# Website like spreadshirt that does screen printing



## ShoeyTennis

I want a website just like spreadshirt but does screen printing. Iron on transfers just isnt good enough for me.
I have like 30 shirts i need printed that i want screen printed in offset areas instead of the middle


----------



## Xeon

Try....Custom T-Shirts - Design T-Shirts Online - T-Shirt Screen Printing 

By the way, Spreadshirt does not do Iron-on printing, though. They do vinyl (flex / flock) printing, which is on par with screen printing.


----------



## Rodney

Xeon said:


> Try....Custom T-Shirts - Design T-Shirts Online - T-Shirt Screen Printing
> 
> By the way, Spreadshirt does not do Iron-on printing, though. They do vinyl (flex / flock) printing, which is on par with screen printing.


CustomInk does screen printing, but they don't do fulfillment.

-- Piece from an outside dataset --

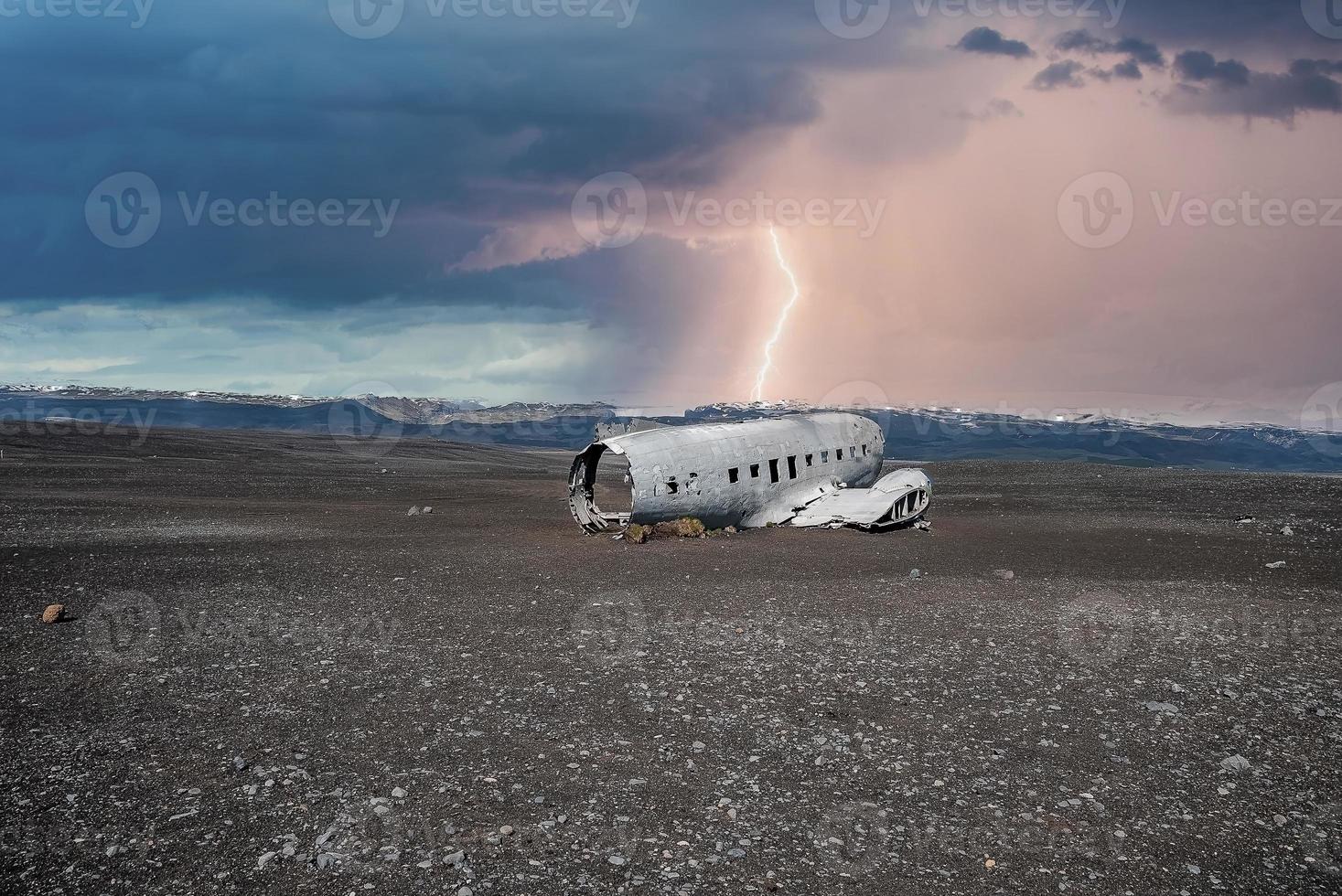 Lightning over broken airplane wreck at black sand beach in Solheimasandur photo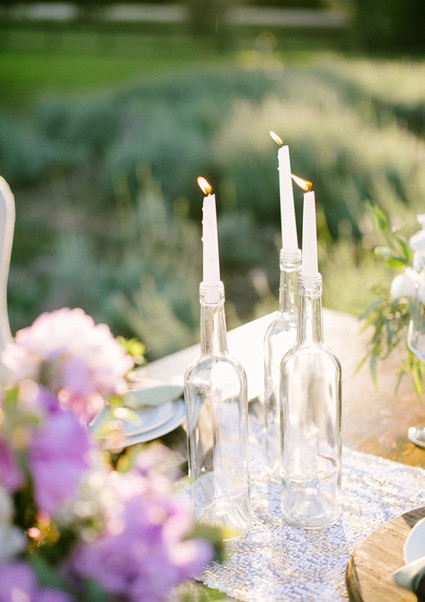 Clear vases with white candles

I think rawtalentinc.com does both screen printing and fulfillment. There are others out there as well.


----------



## waxtutor

Spreadshirt now offers DTG printing. you should upload one of your more complex color designs and order a sample from them that is what I am doing.


----------



## waxtutor

doesn't printmojo.com offer a silkscreen fulfillment service?


----------



## SchneiderStudios

try Bluecotton, they are good


----------



## splathead

Yes, printmojo is an option. Although for 30 shirts, you'll come out a lot cheaper with your local screenprinter if the design is the same for all of them.


----------



## ladydragon

Does anyone have any thoughts or leads on a nonthird party fulfillment? I have sites on places like spreadshirt, zazzle etc. But as a creator you don't make any money as the fulfillment processor is making 98% or higher. Yes you can change the percentage fo comission but the higher the comission is the more the price of the shirts rise making it less likely for people to order from you. Thanks!


----------



## splathead

what is a 'nonthird party'? 

Do it in-house. That's the only real way to make money.


----------